Chemical spray spurs middle school evacuation; students taken to hospital

ST. CLAIR TWP. — A pest-control and weed-killing chemical sprayed Tuesday into fields behind Edgewood Middle School is likely what caused the evacuation of the building and several students being taken to the hospital, officials said.

Forty-seven kids were affected — 21 were treated, some taken to area hospitals or most were released to parents, said Jeff Galloway, director of Butler County Emergency Management.

Five students were taken to the Cincinnati Children’s Hospital Medical Center in Liberty Twp. and one was transported to the Atrium Medical Center in Middletown, Galloway said Tuesday night.

The children were transported from the Busenbark Road school for further treatment at the requests of parents; they were not showing any additional symptoms, Galloway said.

“We moved all the kids out of here and then evacuated this school and then we had 26 more symptoms over at the high school, but they’re middle school kids that were moved there as an evacuation,” he said.

Hazardous material teams and numerous emergency crews responded to the scene after dozens of students complained of headaches and feeling dizzy, officials said.

The school has used the same pest control company before without problems, but heavy, humid air and a breeze pushed the odor toward the open windows at school,  Galloway said.

Galloway said several different high-tech meters were brought in, but they turned up no readings.

“About an hour an a half to two hours into the incident, we discovered that a pest control company came this morning and sprayed the fields — the baseball field and field around the football stadium — out here with some kind of a pest control while the windows were open,” he said.

“What we’re thinking is that chemical and the smell of it went into the classrooms,” he said. “The chemical they’re dealing with is an irritant by inhalation. The symptoms they were exposed to were difficulty breathing, nausea, headaches and dizziness.”

Galloway said blades of grass from the baseball field were tested, confirming they had been sprayed with the chemical Momentum — which kills weeds and cloves, but not grass. The chemical is described as slightly toxic with corneal involvement or irritation and moderate skin irritation, according to gardenguides.com.

“We did more of a precaution today by bringing all the hazardous material teams out here and checking. There was a situation here, but I don’t believe it was a life threatening situation, just more of a precautionary situation.”

Butler County Sheriff’s Capt. Richard Greer said extra deputies were called to the school, which houses about 1,100 students in grades 5-8, to help control traffic in front of the school — crowded with emergency vehicles — as a result of concerned parents showing up at the school to check on their kids.

He said he was told some parents showed up at the school “teary” eyed and others “calm.”

The odor was first detected by a student in the fifth- and sixth-grade wing of Edgewood Middle School, in a classroom were a few other students also complained of headaches or coughing. Some began coughing around 10:30 a.m., said John Thomas, a spokesman for the district.

“We’ve taken the necessary precautions that we should, we went ahead and evacuated the room,” he said around 11 a.m.

Galloway said initial reports indicated that 11 children were reported sick at the school and two St. Clair Twp. life squads — a volunteer department — were sent to evaluate the situation.

Thomas said the school also notified the parents of those in that classroom by phone and the remainder of the parents were notified by the district’s parent notification system and by its website. He said “chillers” for air conditioning units were turned off.

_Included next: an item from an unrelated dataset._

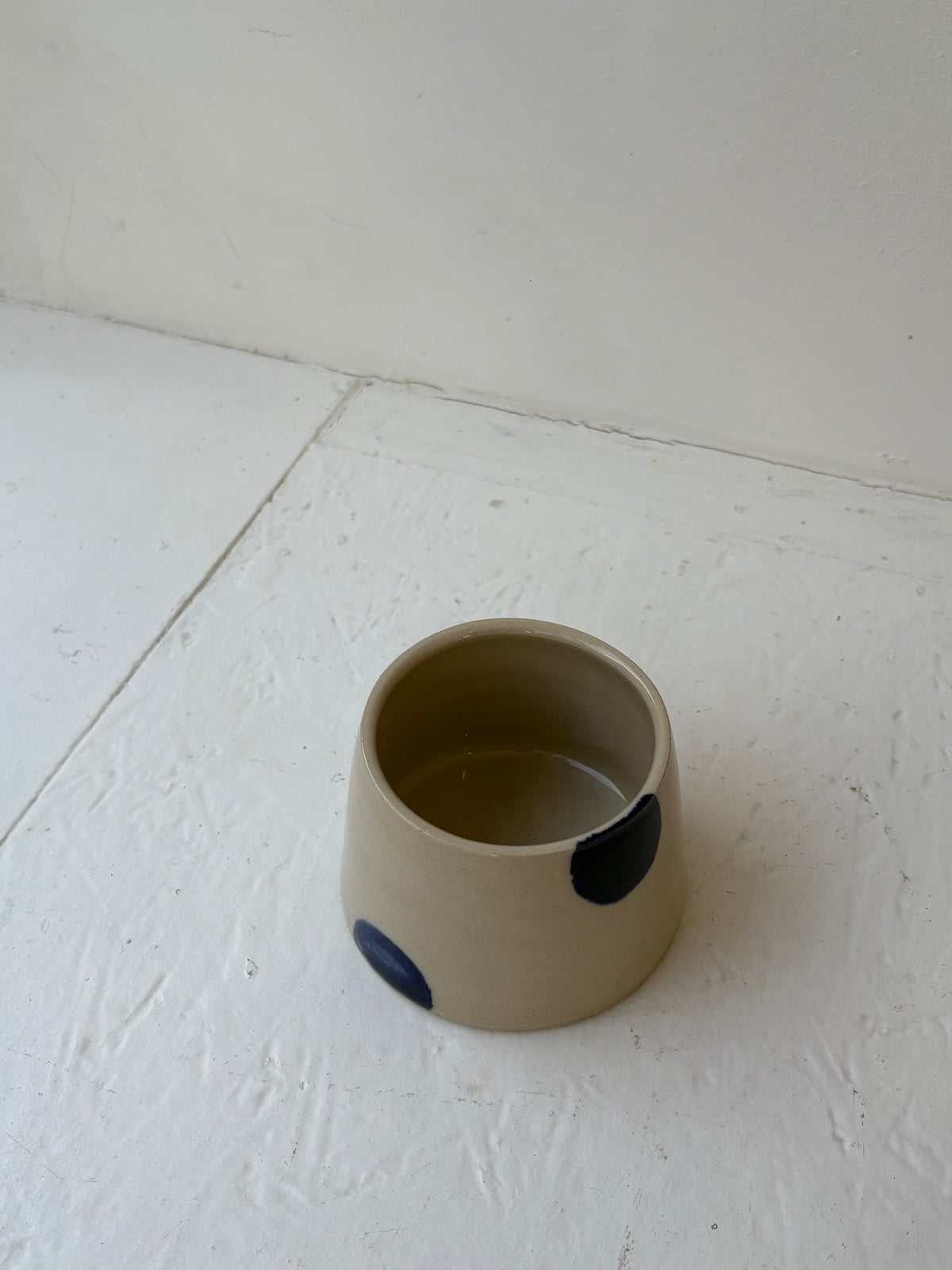 Le Dot Handleless Cup in Gertain ( Blue )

The odor eventually forced the evacuation of the entire school on Busenbark Road outside of Trenton and children were escorted to the auditorium at the district high school.

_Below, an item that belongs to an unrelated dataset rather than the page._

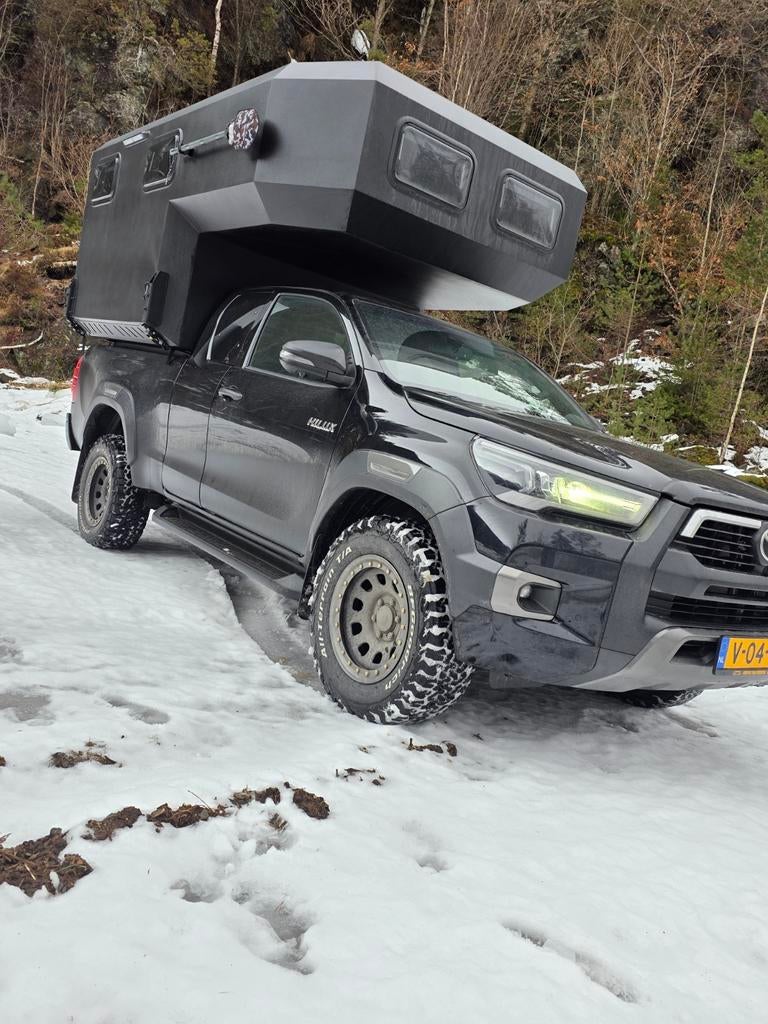 UNIEK: Gloednieuwe Off-Grid Camper Unit | High-End Afwerking, Caravans en Kamperen, Campers, Particulier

Monte Mayer of the Butler County Sheriff’s Office said some students were taken off campus by their parents and guardians.

The school began moving students from a fifth- and sixth-grade wing before 11 a.m. after some complained of headaches. A full evacuation was complete just after noon.

Shortly after 1:30 p.m. students began filing back into the school once school officials were told that the building was clear.